As I have said before, we like to tackle any request. It doesn’t make a difference if we have played it before or not. It doesn’t make a difference if we can even sing it. The joy of our event is that we don’t back down from it. This past Wednesday someone requested this song from Prince. To be truthful, vocally this song is in a very high range and it is extremely difficult to sing (especially while playing), but I don’t care. On this song we featured our guitarist Christopher Odom and our keyboardist Stan Brisbon. On top of this we had a lot of fun just playing this tune. I never consider myself to be a singer, but I will tackle tunes vocally because we don’t have anyone else who knows the songs. I will play the bass line to any song imaginable and that is why taking requests is so magical for me. I hope you enjoy the tune. Thank you so much for checking out my Daily Thought and as always I wish you the very best that life has to offer.

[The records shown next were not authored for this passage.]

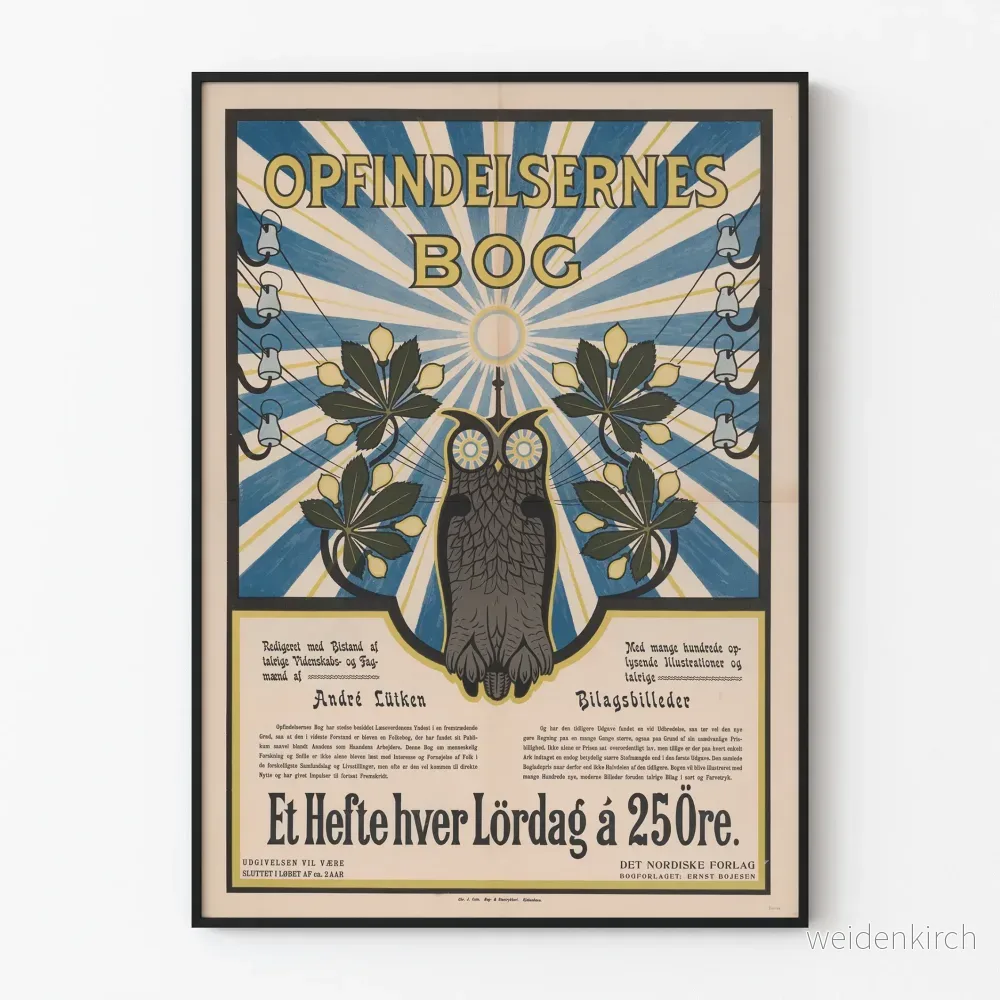 Vintageposter för väggdekoration Opfindelsernes Bog med uggla och ljusstrålar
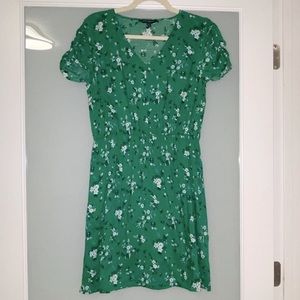 Banana Republic, Baby Doll Summer Dress, Patterned Green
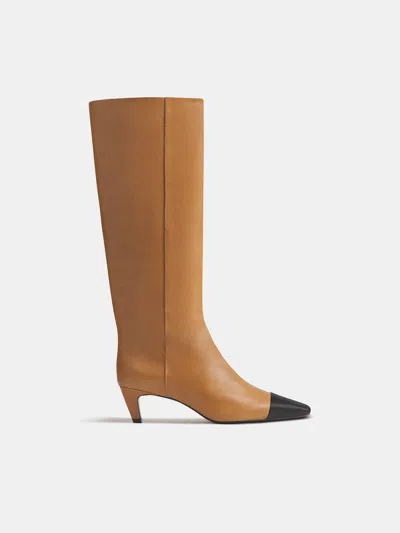 Reformation Remy Knee Boot Natural 5 In Brown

I am an avid advocate for live music. The impact it can have on our lives is monumental. A case in point is this video. Can you imagine the energy you would have felt from being there? If live music is to survive, then it needs our support. Don’t let them take it away from us. Musicians need to play, and singers need to sing. This pretending stuff may save some people money, but it won’t satisfy those who truly love a live concert. Thank you for checking out my Daily Thought and as always I wish you the very best that life has to offer.